§ **What the task asks**
Leave out the pictures and restate exactly, and only, the lines from the one that contains "Beach Wedding Sand Hearts Guest Book" through the final line of the material below.

§ **Recorded data**
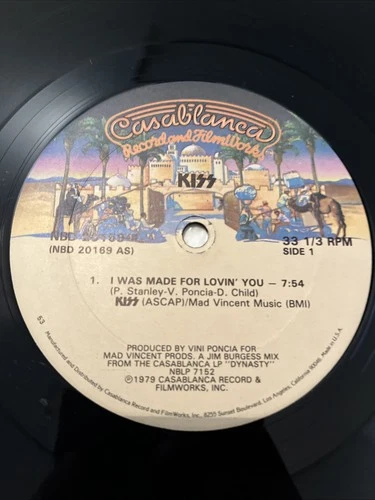 Kiss - I Was Made For Lovin You/ Charisma 12" Casablanca Vinyl Single Nbd 20169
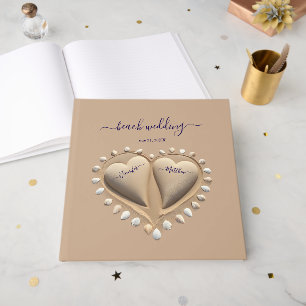 Beach Wedding Sand Hearts Guest Book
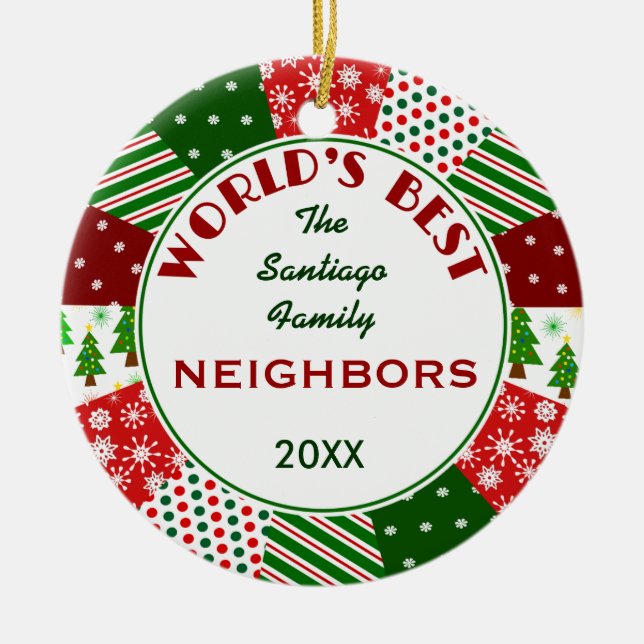 BEST NEIGHBORS Christmas gift Ceramic Tree Decoration (Front)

§ **Output**
 Beach Wedding Sand Hearts Guest Book
 BEST NEIGHBORS Christmas gift Ceramic Tree Decoration (Front)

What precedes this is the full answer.